Ignore this comment. The connections are extracting correctly.

@RTimothyEdwards additionally, slot-028 of mpw-7 has cross hierarchy connections to non-port layers that appear to miss connectivity.

RRAM_ANALOG_MPW7 Level 3 only data: ports on met3 and met4

Level 3 and 4 data: met2 connection to port.

Level 2 and 3 data: met2 not connected to met3/4

Level 2 through 4 data: met2 connection bypassing met3/4 on level 3

Flattening the hierarchy will yield a correct extraction, so there is a work around.

However, there is the possibility of a false clean LVS result if cross hierarchy shorts exist but are not extracted.

I think this is a critical issue. I think magic either needs to extract cross hierarchy connections to non-ports or flag them as errors.

Flagging as errors might be easiest. During extraction, maybe copy the lower level non port conducting layers to obstruction layers in the parent hierarchy. Any contact in the parent between conducting layers and obstruction layers would flag an error. Using flatglob in subsequent runs until there are no errors would eventually give the correct result.

Another option is to recognize cross hierarchy connections and virtually flatten the layout at that point, but this results in an extracted hierarchy that does not match the layout.

[RTimothyEdwards]

I'm not really getting what the problem is. Is there a reproducible result with a simplified case?

[d-m-bailey]

@RTimothyEdwards All the sample layouts I try to make work without any problems, so my initial assumption of the cause seems to be incorrect.

I'll attempt to reduce the problematic layout to a simple case that still extracts incorrectly.

[d-m-bailey]

@RTimothyEdwards Sorry for the false flag. CVC was detecting a floating gate error which I assumed was due to a unextracted connection. It turns out it was due to an undefined input.

I'm still getting a LVS mismatch between hierarchical extraction and flattened extraction though - I'll work on a minimal case. circuit 1 is the hierarchically extracted net that netgen flattens while circuit 2 was flattened before extraction with FLATGLOB. nets are the same, but device counts don't match. I imagine that's due to cross hierarchy parallelism not being reduced. Like I said, I'll work on a test case.

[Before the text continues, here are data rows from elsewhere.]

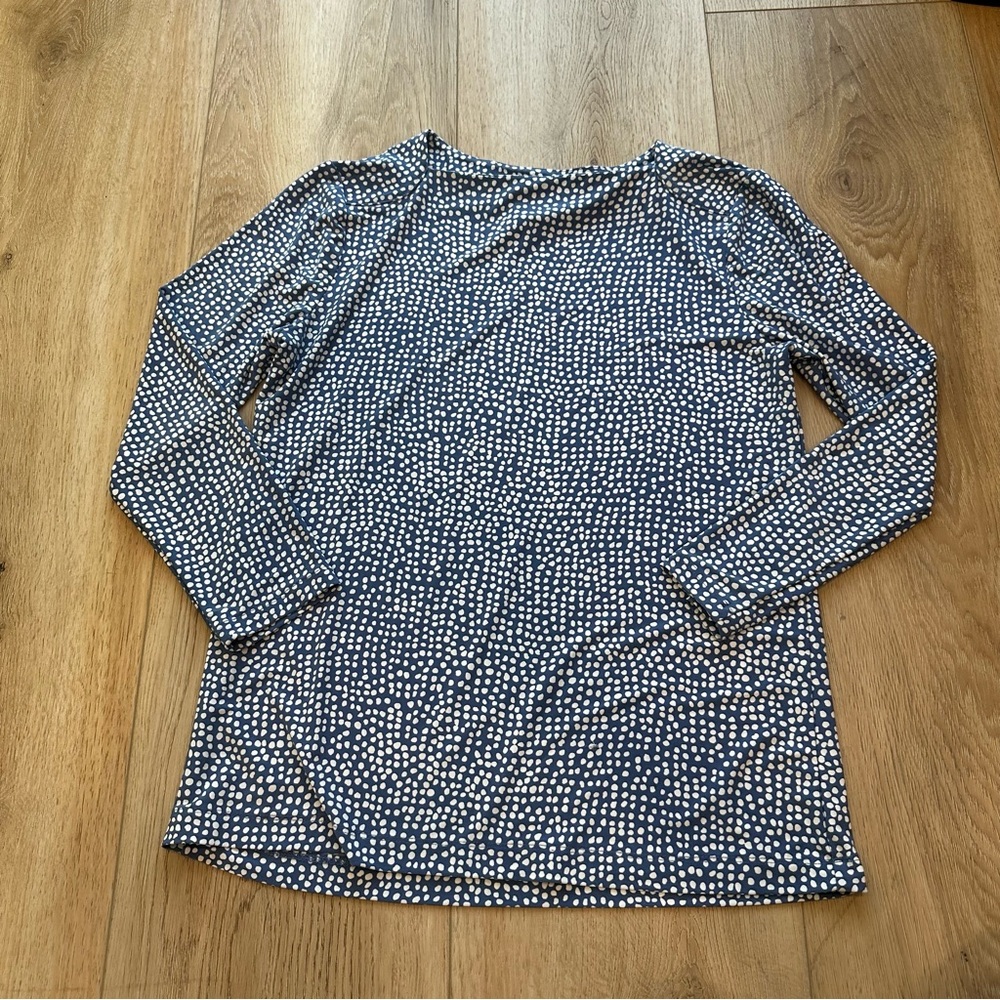 Anne Klein white and blue polka dot blouse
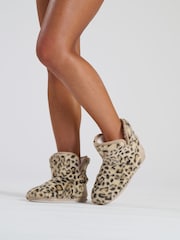 Loungeable Black Multi Faux Fur Bootie Slippers - Image 2 of 6
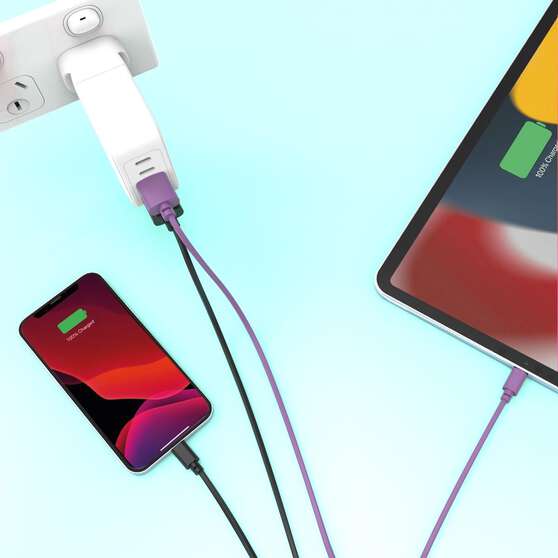 LASER MFI LIGHTNING CABLE 2 PACK – 2M, FAST CHARGE, BLACK/PURPLE, APPLE CERTIFIED, , scaau_hi-res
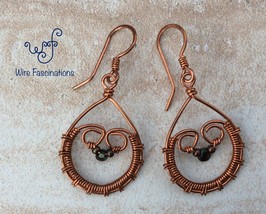 Handmade copper earrings: Teardrop with weave and garnet glass drop beads - £23.98 GBP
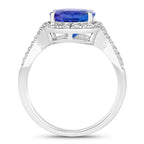 Tanzanite Ring Diamonds 4.1 Carats 14K White Gold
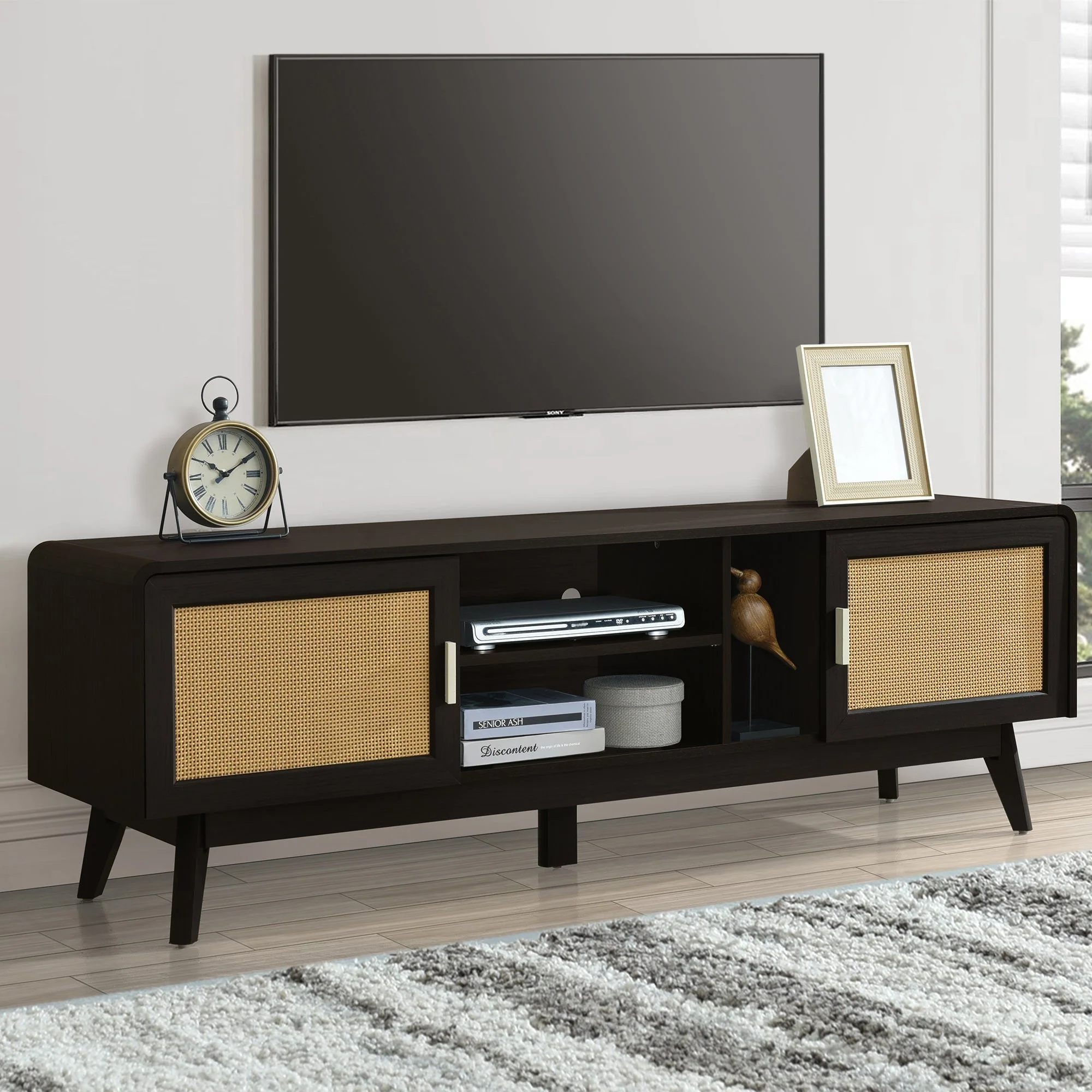 63'' Dark Rattan TV Stand with 2 Storage Cabinets and Solid Wood Legs - Image 3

Contents of circuit 1:  Circuit: 'PK_user_project_wrapper'
Circuit PK_user_project_wrapper contains 317156 device instances.
  Class: sky130_fd_pr__nfet_01v8 instances: 155453
  Class: sky130_fd_pr__pfet_01v8_hvt instances: 154860
  Class: sky130_fd_pr__pfet_01v8 instances: 496
  Class: sky130_fd_pr__nfet_g5v0d10v5 instances: 3328
  Class: sky130_fd_pr__diode_pw2nd_05v5 instances: 1205
  Class: sky130_fd_pr__res_generic_po instances:  22
  Class: sky130_fd_pr__reram_reram_cell instances: 256
  Class: sky130_fd_pr__pfet_g5v0d10v5 instances: 1536
Circuit contains 64677 nets, and 553 disconnected pins.
Contents of circuit 2:  Circuit: 'PK_user_project_wrapper'
Circuit PK_user_project_wrapper contains 123447 device instances.
  Class: sky130_fd_pr__nfet_01v8 instances: 59365
  Class: sky130_fd_pr__pfet_01v8_hvt instances: 58775
  Class: sky130_fd_pr__pfet_01v8 instances: 496
  Class: sky130_fd_pr__nfet_g5v0d10v5 instances: 1792
  Class: sky130_fd_pr__diode_pw2nd_05v5 instances: 1205
  Class: sky130_fd_pr__res_generic_po instances:  22
  Class: sky130_fd_pr__reram_reram_cell instances: 256
  Class: sky130_fd_pr__pfet_g5v0d10v5 instances: 1536
Circuit contains 64677 nets, and 553 disconnected pins.